Dialogue is easily separated from the music and effects and channelized nearly perfectly. Ambient sound is abundant and effective in immersing you into the world of these warring families. There is also effective use of the subwoofer giving key moments the deep sounds that push along the feel of the scene. The music in the movie is top notch and thanks to the great mix, a joy to listen to. This is an excellent audio transfer that brings much to the overall experience.
Along with the carefully handled transfer this Blu-ray comes with a number of quality supplements. The extras in this release, while not groundbreaking, are generally very good and well worth digging into.
"Shaking Up Shakespeare" Picture-in-Picture Commentary - Director Baz Luhrmann, production designer Catherine Martin, director of photography Donald M. McAlpine, and co-writer Craig Pearce
This is one of the better commentary tracks I have listened to in a long while. The varied group of passionate creators digs into nearly every aspect of the film and break down the decisions made and effectiveness of the scenes. The commentary can be solely listened to or viewed as a picture in pcture format with artwork, storyboards and behind the scenes footage appearing during the filming. I have not had as enjoyable a second viewing of a film as this in a long while, a great supplement.
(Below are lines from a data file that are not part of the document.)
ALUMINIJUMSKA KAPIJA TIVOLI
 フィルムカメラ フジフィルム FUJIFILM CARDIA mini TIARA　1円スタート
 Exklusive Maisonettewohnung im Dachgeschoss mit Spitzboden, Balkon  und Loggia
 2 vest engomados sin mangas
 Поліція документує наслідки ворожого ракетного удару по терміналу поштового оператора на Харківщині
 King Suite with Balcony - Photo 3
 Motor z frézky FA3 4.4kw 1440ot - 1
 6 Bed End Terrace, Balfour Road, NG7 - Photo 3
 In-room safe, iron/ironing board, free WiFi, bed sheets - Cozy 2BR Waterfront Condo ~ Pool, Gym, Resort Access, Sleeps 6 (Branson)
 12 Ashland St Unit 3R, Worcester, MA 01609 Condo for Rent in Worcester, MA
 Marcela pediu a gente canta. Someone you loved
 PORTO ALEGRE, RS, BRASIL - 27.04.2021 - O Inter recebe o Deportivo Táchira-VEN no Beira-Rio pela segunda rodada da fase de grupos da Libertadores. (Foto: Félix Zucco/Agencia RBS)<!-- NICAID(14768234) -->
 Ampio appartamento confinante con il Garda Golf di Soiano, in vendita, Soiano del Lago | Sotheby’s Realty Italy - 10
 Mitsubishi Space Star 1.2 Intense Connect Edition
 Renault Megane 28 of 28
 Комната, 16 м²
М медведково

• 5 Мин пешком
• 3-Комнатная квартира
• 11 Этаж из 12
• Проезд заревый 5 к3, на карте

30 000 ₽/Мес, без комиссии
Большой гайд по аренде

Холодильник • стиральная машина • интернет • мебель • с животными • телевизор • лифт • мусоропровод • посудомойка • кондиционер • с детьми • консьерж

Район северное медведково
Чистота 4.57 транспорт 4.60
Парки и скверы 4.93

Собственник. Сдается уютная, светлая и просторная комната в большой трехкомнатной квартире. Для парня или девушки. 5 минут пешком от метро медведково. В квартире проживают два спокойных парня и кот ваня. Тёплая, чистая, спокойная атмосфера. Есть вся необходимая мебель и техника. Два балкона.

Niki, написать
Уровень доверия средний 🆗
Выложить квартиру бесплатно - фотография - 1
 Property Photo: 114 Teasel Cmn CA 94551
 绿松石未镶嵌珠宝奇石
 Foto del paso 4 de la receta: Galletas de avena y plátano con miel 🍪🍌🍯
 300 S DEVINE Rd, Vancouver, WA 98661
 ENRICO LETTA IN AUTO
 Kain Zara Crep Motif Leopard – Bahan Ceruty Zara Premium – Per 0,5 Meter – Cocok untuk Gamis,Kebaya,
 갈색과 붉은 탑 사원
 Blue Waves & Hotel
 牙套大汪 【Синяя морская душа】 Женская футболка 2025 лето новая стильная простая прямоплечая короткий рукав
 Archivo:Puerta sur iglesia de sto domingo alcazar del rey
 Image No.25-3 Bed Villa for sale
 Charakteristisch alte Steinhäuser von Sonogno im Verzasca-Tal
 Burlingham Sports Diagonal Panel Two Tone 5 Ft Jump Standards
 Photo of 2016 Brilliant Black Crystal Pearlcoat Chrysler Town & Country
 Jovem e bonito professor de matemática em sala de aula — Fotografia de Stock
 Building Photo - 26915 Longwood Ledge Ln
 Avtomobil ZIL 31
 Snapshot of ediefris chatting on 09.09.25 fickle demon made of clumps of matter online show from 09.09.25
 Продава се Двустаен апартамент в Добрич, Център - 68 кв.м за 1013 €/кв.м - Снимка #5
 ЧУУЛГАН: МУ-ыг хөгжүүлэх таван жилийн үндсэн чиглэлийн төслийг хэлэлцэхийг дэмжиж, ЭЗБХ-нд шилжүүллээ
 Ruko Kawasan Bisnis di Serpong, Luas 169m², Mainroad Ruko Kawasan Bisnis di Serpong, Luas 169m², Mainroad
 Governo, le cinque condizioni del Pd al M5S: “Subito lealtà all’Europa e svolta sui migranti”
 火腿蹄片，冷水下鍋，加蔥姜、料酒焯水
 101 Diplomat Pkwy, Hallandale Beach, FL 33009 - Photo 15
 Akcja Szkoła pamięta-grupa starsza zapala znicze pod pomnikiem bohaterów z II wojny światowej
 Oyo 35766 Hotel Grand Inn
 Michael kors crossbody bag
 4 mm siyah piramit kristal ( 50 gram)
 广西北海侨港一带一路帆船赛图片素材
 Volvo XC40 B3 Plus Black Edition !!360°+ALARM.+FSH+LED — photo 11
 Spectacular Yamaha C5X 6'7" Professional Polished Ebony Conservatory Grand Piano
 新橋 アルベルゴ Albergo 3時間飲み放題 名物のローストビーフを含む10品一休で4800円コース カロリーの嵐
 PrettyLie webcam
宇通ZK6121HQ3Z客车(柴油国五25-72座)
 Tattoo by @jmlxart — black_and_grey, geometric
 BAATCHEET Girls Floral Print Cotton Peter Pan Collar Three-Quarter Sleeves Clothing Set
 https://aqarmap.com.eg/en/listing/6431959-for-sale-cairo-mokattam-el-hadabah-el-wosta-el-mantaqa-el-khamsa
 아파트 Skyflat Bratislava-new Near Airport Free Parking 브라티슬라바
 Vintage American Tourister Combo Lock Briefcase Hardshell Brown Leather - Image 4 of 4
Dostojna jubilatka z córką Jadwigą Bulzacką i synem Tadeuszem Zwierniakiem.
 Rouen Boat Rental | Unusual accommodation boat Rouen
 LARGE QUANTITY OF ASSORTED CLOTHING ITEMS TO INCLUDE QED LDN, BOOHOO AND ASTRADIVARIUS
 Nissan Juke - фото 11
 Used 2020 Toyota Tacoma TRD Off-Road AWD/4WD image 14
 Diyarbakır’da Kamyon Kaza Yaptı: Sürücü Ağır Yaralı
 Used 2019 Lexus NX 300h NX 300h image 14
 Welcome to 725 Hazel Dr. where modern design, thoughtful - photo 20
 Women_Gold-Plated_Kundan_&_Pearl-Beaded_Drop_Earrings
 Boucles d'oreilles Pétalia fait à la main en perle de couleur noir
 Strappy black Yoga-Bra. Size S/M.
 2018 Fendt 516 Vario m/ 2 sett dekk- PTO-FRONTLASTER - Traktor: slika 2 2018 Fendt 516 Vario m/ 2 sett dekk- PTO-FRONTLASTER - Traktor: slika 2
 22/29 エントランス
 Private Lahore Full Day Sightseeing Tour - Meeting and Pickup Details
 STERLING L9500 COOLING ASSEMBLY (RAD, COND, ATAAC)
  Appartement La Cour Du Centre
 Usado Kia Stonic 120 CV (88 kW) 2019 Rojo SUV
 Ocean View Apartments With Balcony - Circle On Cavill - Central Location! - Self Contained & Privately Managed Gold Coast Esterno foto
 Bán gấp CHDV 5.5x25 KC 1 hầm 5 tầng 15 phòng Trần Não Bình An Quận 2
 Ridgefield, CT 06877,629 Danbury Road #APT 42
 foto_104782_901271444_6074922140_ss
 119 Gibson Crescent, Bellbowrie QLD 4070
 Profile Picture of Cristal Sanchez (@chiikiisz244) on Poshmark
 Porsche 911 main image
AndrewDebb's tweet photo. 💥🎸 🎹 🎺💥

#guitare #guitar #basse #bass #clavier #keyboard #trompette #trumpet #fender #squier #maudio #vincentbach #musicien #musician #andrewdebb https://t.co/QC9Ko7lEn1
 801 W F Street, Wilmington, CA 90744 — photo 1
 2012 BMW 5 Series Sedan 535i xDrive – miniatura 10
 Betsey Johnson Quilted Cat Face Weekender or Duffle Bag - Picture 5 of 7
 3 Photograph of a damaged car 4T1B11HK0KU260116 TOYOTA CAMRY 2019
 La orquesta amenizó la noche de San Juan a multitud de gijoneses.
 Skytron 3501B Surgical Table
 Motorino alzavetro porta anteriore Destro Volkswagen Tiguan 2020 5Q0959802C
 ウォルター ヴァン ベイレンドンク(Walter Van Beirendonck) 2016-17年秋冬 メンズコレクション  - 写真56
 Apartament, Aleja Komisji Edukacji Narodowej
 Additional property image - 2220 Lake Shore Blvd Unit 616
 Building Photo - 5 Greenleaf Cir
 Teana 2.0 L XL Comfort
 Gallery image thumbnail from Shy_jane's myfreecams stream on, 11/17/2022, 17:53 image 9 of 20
A lengthy and excellent documentary is the highlight of this section in the extra features. The documentary is nearly an hour long and looks at the creation of the films excellent soundtrack. There are also additional featurettes such as "Everybody's Free: The Journey of the Song" – A look at the young boy who sings in the choir scenes, "The London Music Mix" – Examining the sound design and process and "Temp Music: The Journey of the Song" – Baz Luhrmann describes how he decided which songs to use.
From the Bazmark Vault
A number of behind the scenes footage presented in faux 1080p. They are framed in an ornate border but use SD footage. The scenes are "First Kiss," "Beach Scene," "Uncut Rehearsal," and "Outside the Church." I am a big fan of scenes like this as it shows the lead up and preparation to important moments in the movie.